Investor presentations are a crucial aspect of securing funding for your business. However, if you want to sabotage your chances of success and ensure that investors run in the opposite direction, follow these tips on how to write a terrible investor presentation.

✅Tip 1: Use Complicated Jargon

Nothing says "I'm not sure what I'm talking about" like using complicated jargon that no one understands. Make sure to use as much technical terminology as possible, even if it doesn't make sense in the context of your presentation. This will confuse investors and make them doubt your credibility.

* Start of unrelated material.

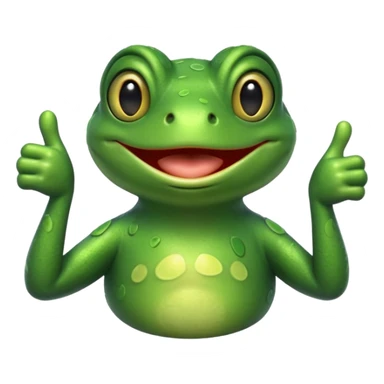 Frog winking with thumbs up sticker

✅Tip 2: Don't Explain Your Business Model

Investors love to know how they will make money from their investments. To ensure that your investor presentation is terrible, avoid explaining your business model altogether. Leave them guessing about how your company plans to make money and how they will see a return on their investment.

✅Tip 3: Overestimate Your Market Size

Exaggerating the size of your market is a surefire way to make investors skeptical of your business. Make sure you use a top-down approach: “The market is HUGE and we only need 1% of the market”. This will show investors that you don't have a realistic understanding of your industry and the challenges you face.

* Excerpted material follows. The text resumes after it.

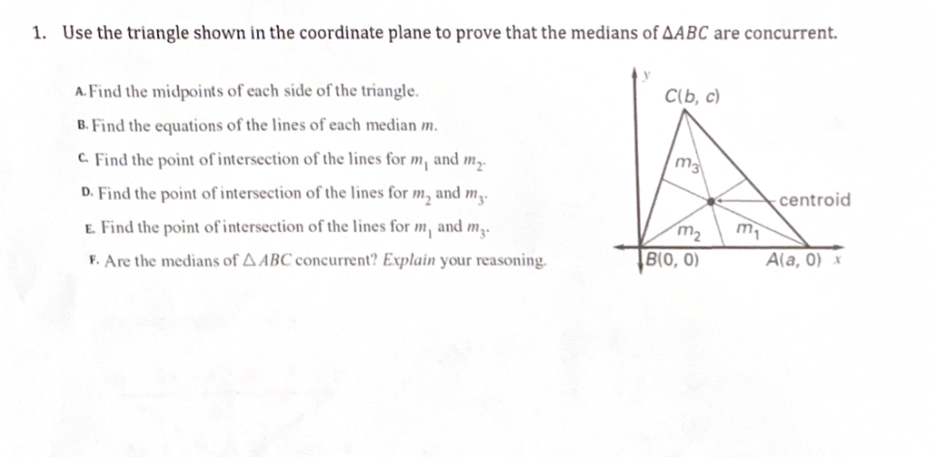 Solved 1. Use The Triangle Shown In The Coordinate Plane To | Chegg.com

✅Tip 4: Don't Include Founder/market fit

Investors want to see why you can solve this problem better than 99% of other founders. So make sure you include nothing about how your personal and professional experiences led you to identify a key insight into this problem

✅Tip 5: Ignore competition

Don't let a competition slide. Ignore how your customers are actually solving the problem today. Assume you have no real competitors, and once your product launches, customers will naturally gravitate toward you.